WORK REQUIRED:
Repeat the data below in full. Pictures must not be part of the copy.
::: EXTRACTED DATA :::
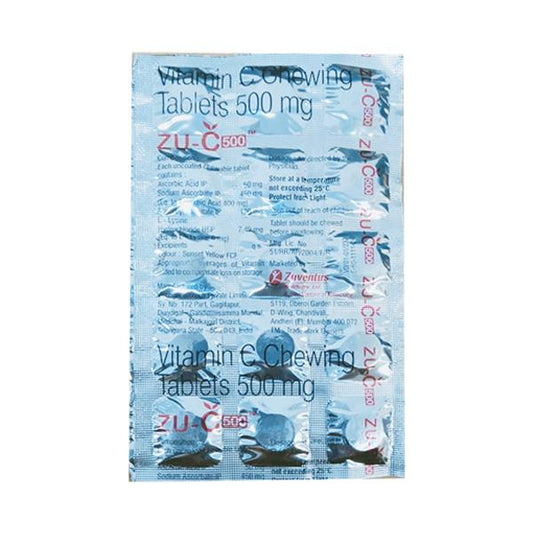 ZU C 500 Chewable Tablet 15's - Global Surgicals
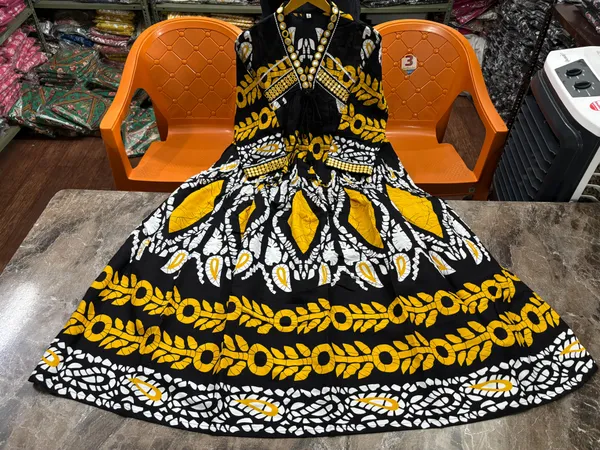 Black_Cotton_Embroidered_Kurta_Dress_With_Mirror_Work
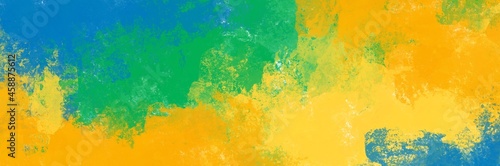 Abstract painting art with yellow, green and blue splash paint brush for presentation, website background, banner, wall decoration, or t-shirt design.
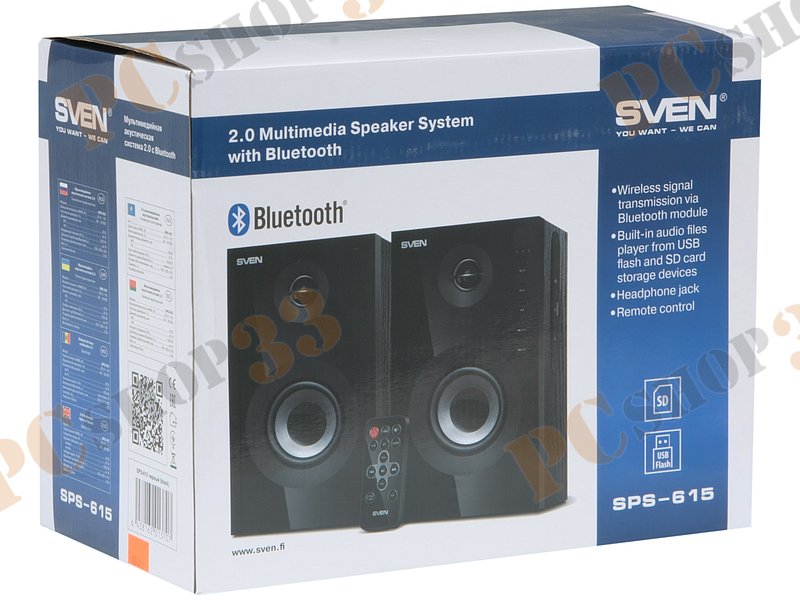 Акустическая система стерео Sven SPS-615, 2x10Вт, с MP3 плеером, черный (Bluetooth)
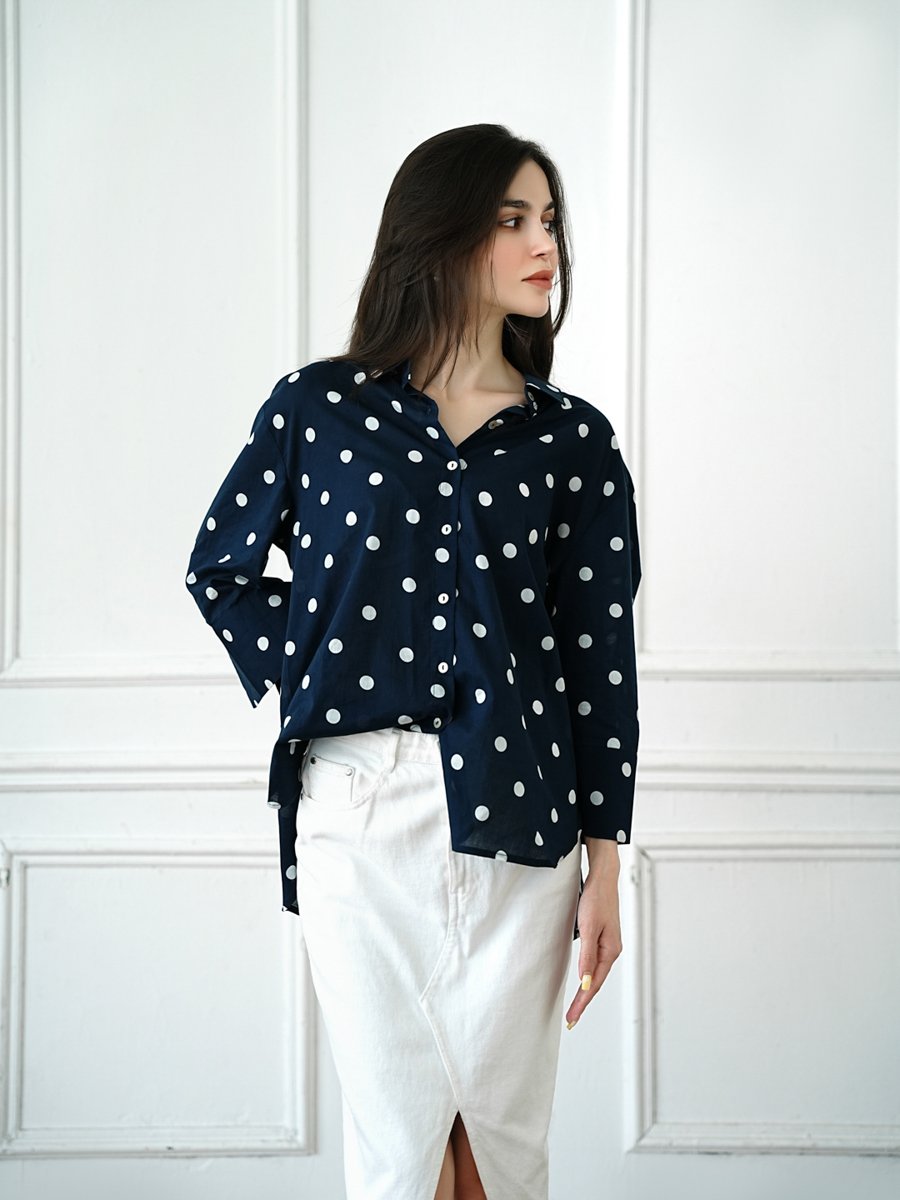 Dark Blue Polka Dot Long Sleeve Blouse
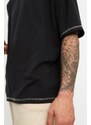 Trendyol Black Oversize/Wide Cut Crew Neck Short Sleeve Embroidered 100% Cotton T-Shirt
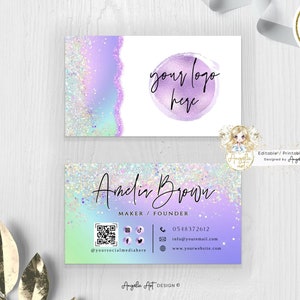 ELF - Modelo de cartão de visita, cartão de visita holográfico glitter roxo arco-íris unicórnio, cartão DIY imprimível editável, adicionar código QR do LOGOTIPO
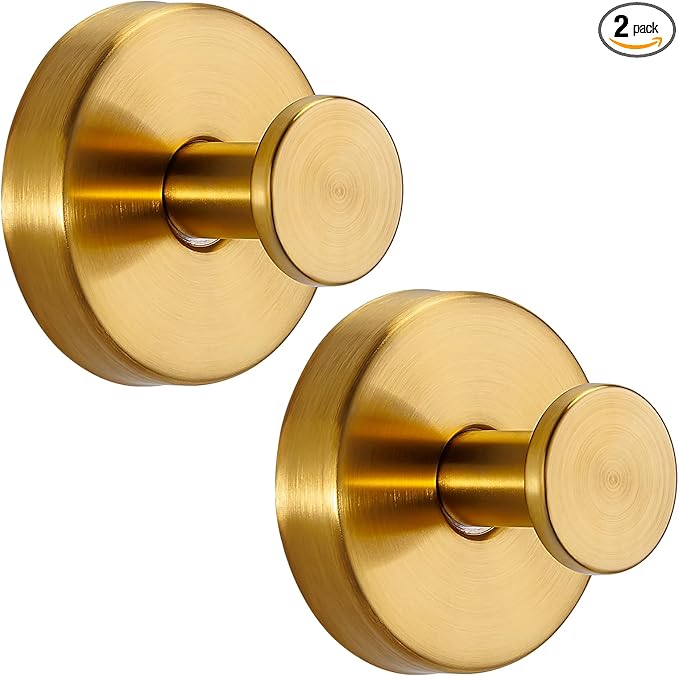 Suction Cup Hooks for Shower No-Drill Bathroom Hooks for Towels, Robes, Loofah Mountable on Bathroom Walls, Kitchen, Glass, Mirrors, Tile and Smooth,Non-Porous Surfaces (2 Pack, Brushed Gold)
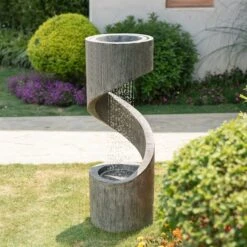 Glitzhome® 3.5ft. Curving Shaped Outdoor LED Fountain Gray 13 Glitzhome® 3.5ft. Curving Shaped Outdoor LED Fountain Gray -Michaels Decor Sale D303613S 2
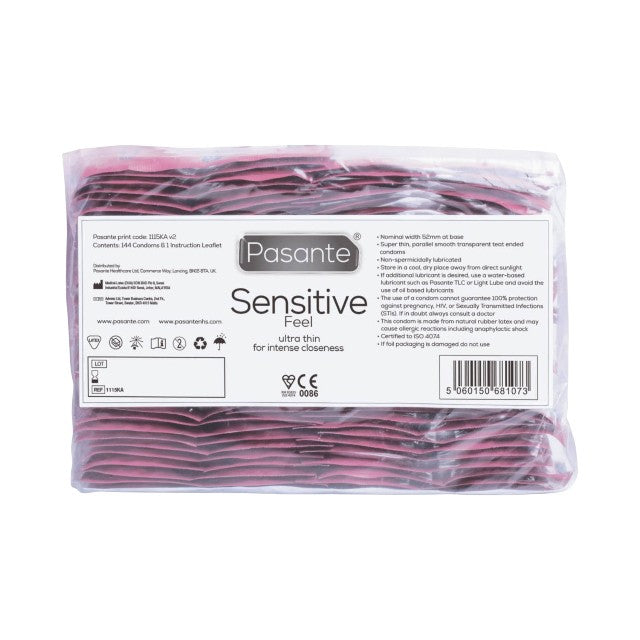 Prezervative PASANTE Sensitive Feel, din latex, ultra-subțiri și rezistente, diametru 52 mm, 144 bucăți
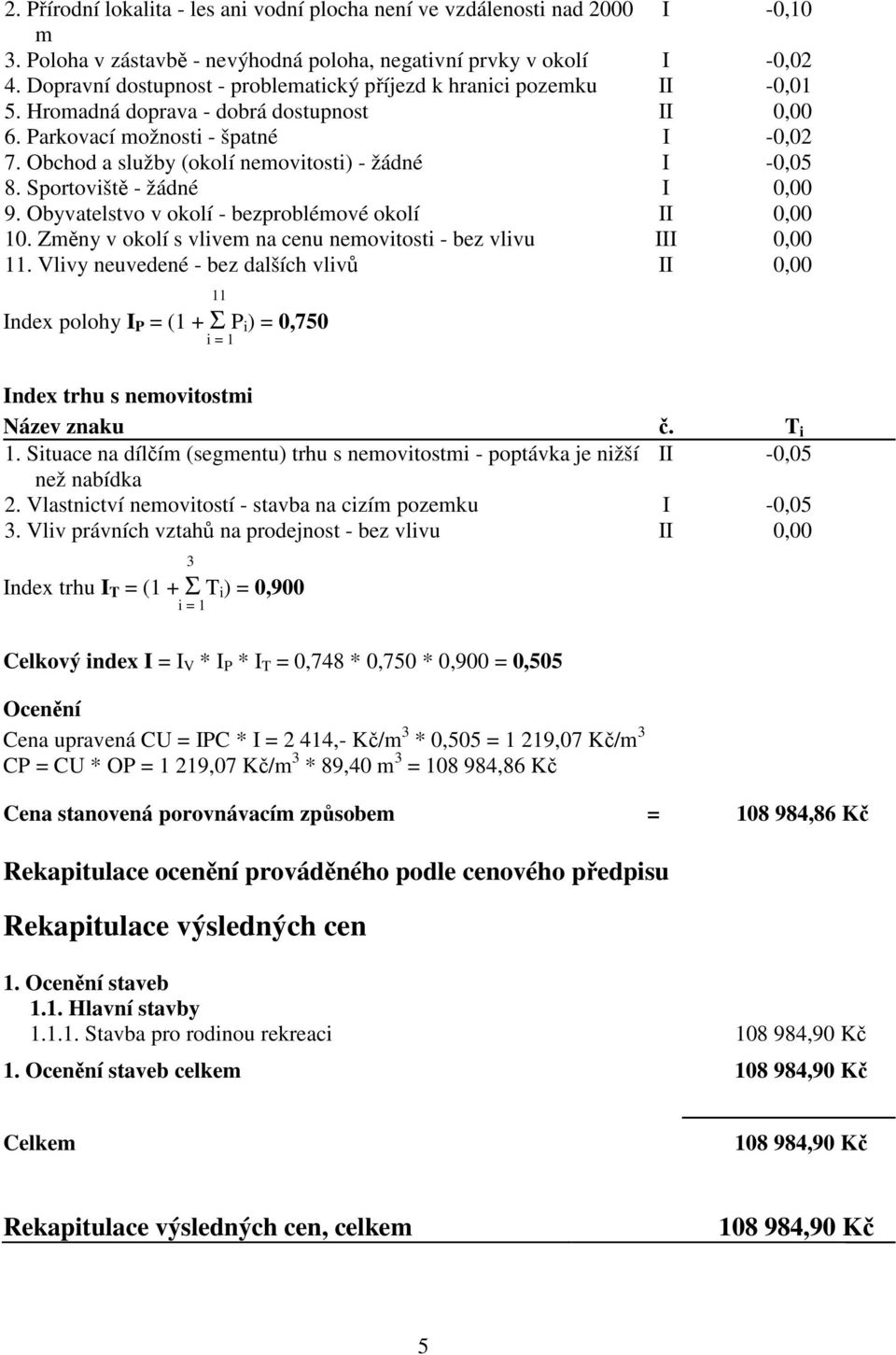 Obchod a služby (okolí nemovitosti) - žádné I -0,05 8. Sportoviště - žádné I 0,00 9. Obyvatelstvo v okolí - bezproblémové okolí II 0,00 10.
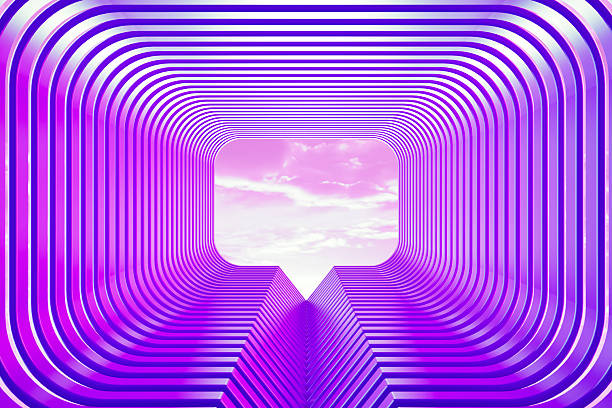 A high-tech 3D abstract visualization of a neon purple tunnel leading to a bright, glowing speech bubble portal. This imagery represents the gateway to Artificial Intelligence (AI) chatbots, virtual customer support, and advanced machine learning communication. The repeating geometric lines create a sense of depth and data flow, highlighting themes of digital transformation, automated messaging, and the future of human-computer interaction in a sleek, futuristic aesthetic.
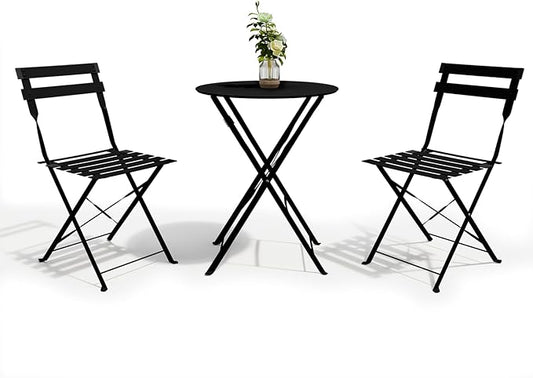 3-Piece Folding Bistro Set, 2 Chairs and 1 Coffee Table, Space Saving Weather-Resistant Frame, Portable Indoor/Outdoor Patio Furniture Conversation Set for Garden Porch Balcony Deck - Black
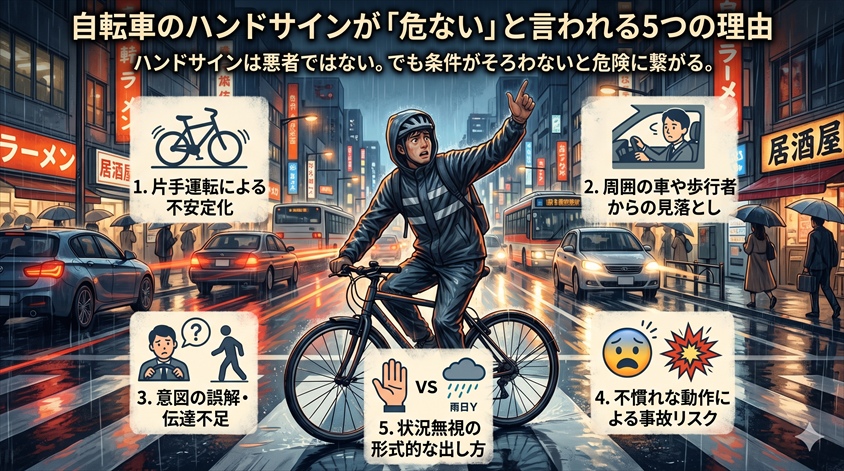 自転車のハンドサインが「危ない」と言われる5つの理由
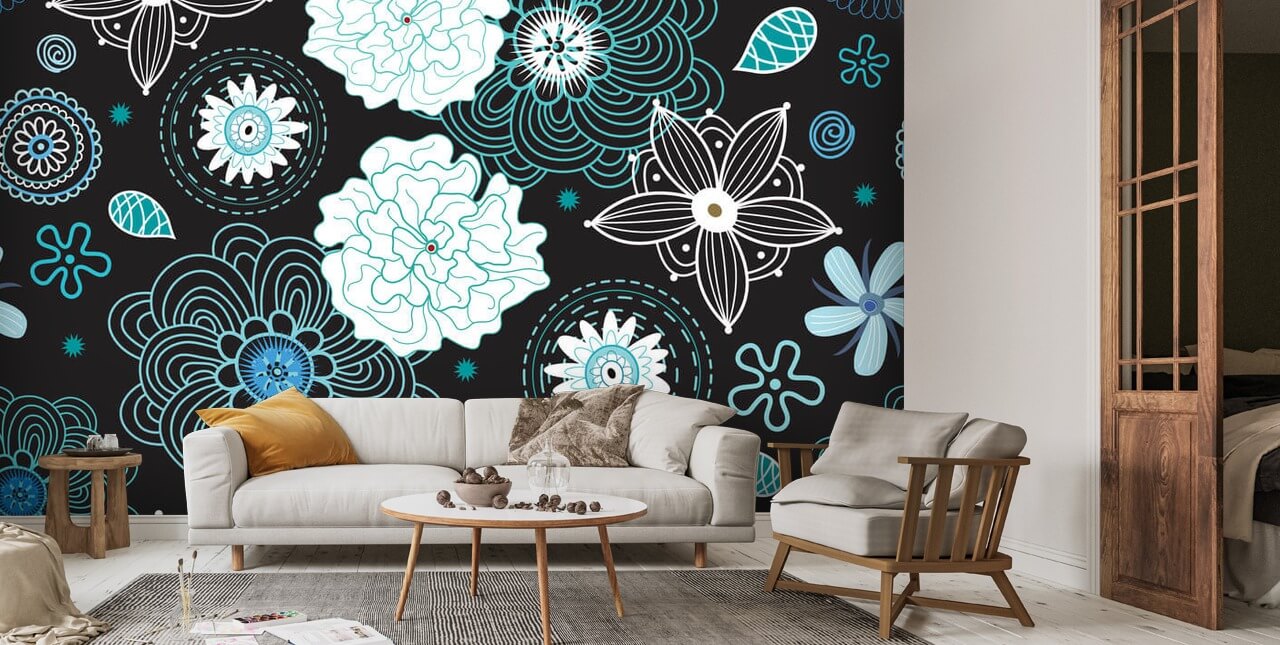 Floral - Black and Blue Wallpaper | Wallsauce CA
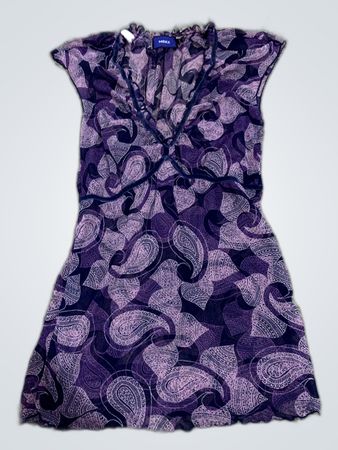 Mango Purple Paisley Printed Blouse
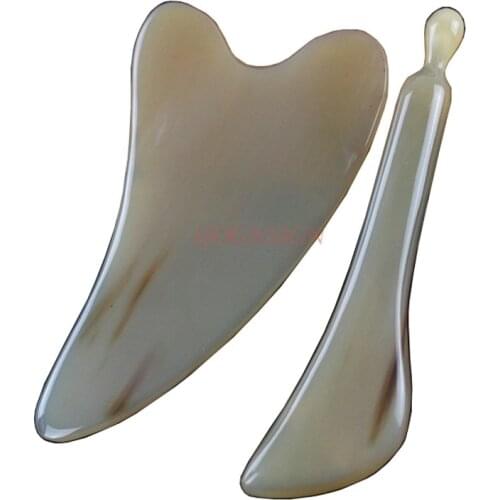 2pcs/set gua sha massage tool Natural white yak horn scraping board rib bar leg facial facial beauty body scraping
:::
SOLUTION BELOW:
 ZU C 500 Chewable Tablet 15's - Global Surgicals
 Black_Cotton_Embroidered_Kurta_Dress_With_Mirror_Work
 Abstract painting art with yellow, green and blue splash paint brush for presentation, website background, banner, wall decoration, or t-shirt design.
 Акустическая система стерео Sven SPS-615, 2x10Вт, с MP3 плеером, черный (Bluetooth)
 Dark Blue Polka Dot Long Sleeve Blouse
 Trendyol Black Oversize/Wide Cut Crew Neck Short Sleeve Embroidered 100% Cotton T-Shirt
 ELF - Modelo de cartão de visita, cartão de visita holográfico glitter roxo arco-íris unicórnio, cartão DIY imprimível editável, adicionar código QR do LOGOTIPO
 Suction Cup Hooks for Shower No-Drill Bathroom Hooks for Towels, Robes, Loofah Mountable on Bathroom Walls, Kitchen, Glass, Mirrors, Tile and Smooth,Non-Porous Surfaces (2 Pack, Brushed Gold)
 Glitzhome® 3.5ft. Curving Shaped Outdoor LED Fountain Gray 13 Glitzhome® 3.5ft. Curving Shaped Outdoor LED Fountain Gray -Michaels Decor Sale D303613S 2
 Prezervative PASANTE Sensitive Feel, din latex, ultra-subțiri și rezistente, diametru 52 mm, 144 bucăți
 Obchod a služby (okolí nemovitosti) - žádné I -0,05 8. Sportoviště - žádné I 0,00 9. Obyvatelstvo v okolí - bezproblémové okolí II 0,00 10.
 A high-tech 3D abstract visualization of a neon purple tunnel leading to a bright, glowing speech bubble portal. This imagery represents the gateway to Artificial Intelligence (AI) chatbots, virtual customer support, and advanced machine learning communication. The repeating geometric lines create a sense of depth and data flow, highlighting themes of digital transformation, automated messaging, and the future of human-computer interaction in a sleek, futuristic aesthetic.
 3-Piece Folding Bistro Set, 2 Chairs and 1 Coffee Table, Space Saving Weather-Resistant Frame, Portable Indoor/Outdoor Patio Furniture Conversation Set for Garden Porch Balcony Deck - Black
 自転車のハンドサインが「危ない」と言われる5つの理由
 Floral - Black and Blue Wallpaper | Wallsauce CA
 Mango Purple Paisley Printed Blouse
 2pcs/set gua sha massage tool Natural white yak horn scraping board rib bar leg facial facial beauty body scraping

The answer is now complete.